Colorwork with Google Sheets

I’m very much a “computer person.” As a (former) database developer, I reach for databases and spreadsheets when I need to organize and manipulate data — and sometimes to do oddball problem solving. A couple of people have asked me about the color changes I made to the original Riddari yoke, so I’ve decided to write a post about how I used Google Sheets to help me change the chart and pick colors.


Setting Up the Sheet

Resize columns

After opening a new Sheet, I begin by resizing the columns to match the height of each row. To do this, select all of the columns. On a Mac, you would do this by clicking on the first column header, which contains a letter, and holding down the Shift key while clicking on the last column header. Then right click on any selected column header to reveal a menu, which includes the option “Resize columns.” If you haven’t changed the row size, you can set the column width to 21 pixels.

Next, figure out how many columns are in the chart. In the case of the Riddari chart, the pattern chart is 16 columns — two repeats — wide. However, since I was using Google Sheets to help me visualize color combinations, I decided to make my spreadsheet 32 columns wide. To insert additional columns via the Google Sheets menu, go to Insert > Column right. (Or left. It doesn’t matter at this point.)

Format > Conditional formatting...
Once all of your columns are present, select all of them (on a Mac, ⌘A) and click Format > Conditional formatting… from the Sheets menu.

Setting Up the Chart

Conditional Format RulesClicking on Format > Conditional formatting… will open the Conditional format rules menu on the right side of your window.

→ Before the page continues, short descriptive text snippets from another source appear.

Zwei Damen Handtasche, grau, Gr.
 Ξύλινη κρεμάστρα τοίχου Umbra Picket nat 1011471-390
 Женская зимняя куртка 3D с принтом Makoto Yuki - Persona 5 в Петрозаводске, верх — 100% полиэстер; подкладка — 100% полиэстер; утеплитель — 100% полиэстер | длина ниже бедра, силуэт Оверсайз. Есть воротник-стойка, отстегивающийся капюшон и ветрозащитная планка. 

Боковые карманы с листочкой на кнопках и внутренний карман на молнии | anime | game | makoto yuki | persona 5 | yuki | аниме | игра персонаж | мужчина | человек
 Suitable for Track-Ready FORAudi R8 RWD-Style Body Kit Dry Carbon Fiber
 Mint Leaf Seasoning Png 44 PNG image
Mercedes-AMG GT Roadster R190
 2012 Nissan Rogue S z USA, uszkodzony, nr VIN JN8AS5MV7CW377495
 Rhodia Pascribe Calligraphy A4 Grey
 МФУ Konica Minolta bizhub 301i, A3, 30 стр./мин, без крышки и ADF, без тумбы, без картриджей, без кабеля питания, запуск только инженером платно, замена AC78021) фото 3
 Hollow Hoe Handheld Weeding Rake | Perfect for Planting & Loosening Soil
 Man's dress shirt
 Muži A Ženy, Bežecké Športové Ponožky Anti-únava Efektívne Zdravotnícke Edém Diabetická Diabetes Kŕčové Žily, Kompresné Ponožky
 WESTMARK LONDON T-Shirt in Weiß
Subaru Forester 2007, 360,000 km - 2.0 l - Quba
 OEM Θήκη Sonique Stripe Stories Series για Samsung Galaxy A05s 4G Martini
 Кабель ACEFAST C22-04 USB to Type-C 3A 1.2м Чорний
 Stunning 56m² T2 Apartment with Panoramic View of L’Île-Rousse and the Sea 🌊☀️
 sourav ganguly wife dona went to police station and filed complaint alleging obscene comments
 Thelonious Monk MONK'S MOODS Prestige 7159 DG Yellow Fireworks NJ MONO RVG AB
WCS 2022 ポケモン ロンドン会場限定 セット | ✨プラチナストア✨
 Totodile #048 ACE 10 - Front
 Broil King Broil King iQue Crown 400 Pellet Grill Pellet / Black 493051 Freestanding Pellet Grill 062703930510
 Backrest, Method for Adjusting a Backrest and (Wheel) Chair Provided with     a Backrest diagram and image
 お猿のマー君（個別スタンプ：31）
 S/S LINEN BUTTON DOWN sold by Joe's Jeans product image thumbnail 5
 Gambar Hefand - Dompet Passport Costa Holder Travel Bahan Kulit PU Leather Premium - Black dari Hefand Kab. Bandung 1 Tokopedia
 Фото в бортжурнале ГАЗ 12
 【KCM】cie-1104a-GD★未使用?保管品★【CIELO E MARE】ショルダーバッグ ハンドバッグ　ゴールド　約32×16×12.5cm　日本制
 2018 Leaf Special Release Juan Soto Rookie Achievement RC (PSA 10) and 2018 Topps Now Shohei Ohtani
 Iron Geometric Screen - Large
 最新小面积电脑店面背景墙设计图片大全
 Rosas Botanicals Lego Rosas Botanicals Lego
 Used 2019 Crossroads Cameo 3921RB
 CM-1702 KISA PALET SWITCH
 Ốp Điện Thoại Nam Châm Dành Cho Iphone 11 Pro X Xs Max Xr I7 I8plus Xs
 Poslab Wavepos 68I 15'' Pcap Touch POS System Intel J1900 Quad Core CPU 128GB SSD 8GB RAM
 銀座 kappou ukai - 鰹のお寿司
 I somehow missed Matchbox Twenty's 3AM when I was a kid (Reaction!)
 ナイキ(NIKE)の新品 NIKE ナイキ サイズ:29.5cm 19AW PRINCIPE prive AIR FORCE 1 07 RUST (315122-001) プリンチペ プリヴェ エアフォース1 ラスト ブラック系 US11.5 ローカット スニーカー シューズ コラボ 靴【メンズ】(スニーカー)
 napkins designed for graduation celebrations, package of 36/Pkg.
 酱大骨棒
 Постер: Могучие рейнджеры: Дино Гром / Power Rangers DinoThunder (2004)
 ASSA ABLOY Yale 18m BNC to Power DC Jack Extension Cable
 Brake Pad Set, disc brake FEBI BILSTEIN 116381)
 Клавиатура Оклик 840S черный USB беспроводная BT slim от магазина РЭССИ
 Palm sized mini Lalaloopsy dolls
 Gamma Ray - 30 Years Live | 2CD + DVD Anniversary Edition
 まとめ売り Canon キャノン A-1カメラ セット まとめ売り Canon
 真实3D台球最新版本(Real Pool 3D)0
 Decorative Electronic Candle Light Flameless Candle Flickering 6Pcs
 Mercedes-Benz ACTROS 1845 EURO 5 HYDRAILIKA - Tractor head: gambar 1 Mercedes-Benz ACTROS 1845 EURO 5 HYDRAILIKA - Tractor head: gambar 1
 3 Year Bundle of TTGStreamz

I use conditional formatting to setup the chart in a way that I can easily manipulate the colors later. I do this by creating rules based on exact values entered in the spreadsheet cells. If the cell contains the value “1,” then be this color. If the cell contains the value “2,” then be that color. In order to achieve a solid colored box, I set the text color and fill color to be the same. This hides the numeric value. Empty cells can be left empty, although I tend to put a hyphen in the empty cells to distinguish them from white stitches.

This is where I begin to play with the existing chart, and this is also where using a computer can be much faster and efficient than knitting a swatch. I knew that I was going to change the way that the Riddari colors are knit — not just the colors themselves, but also how the colors were deployed across all of the design elements. I needed something to help me quickly visualize those changes.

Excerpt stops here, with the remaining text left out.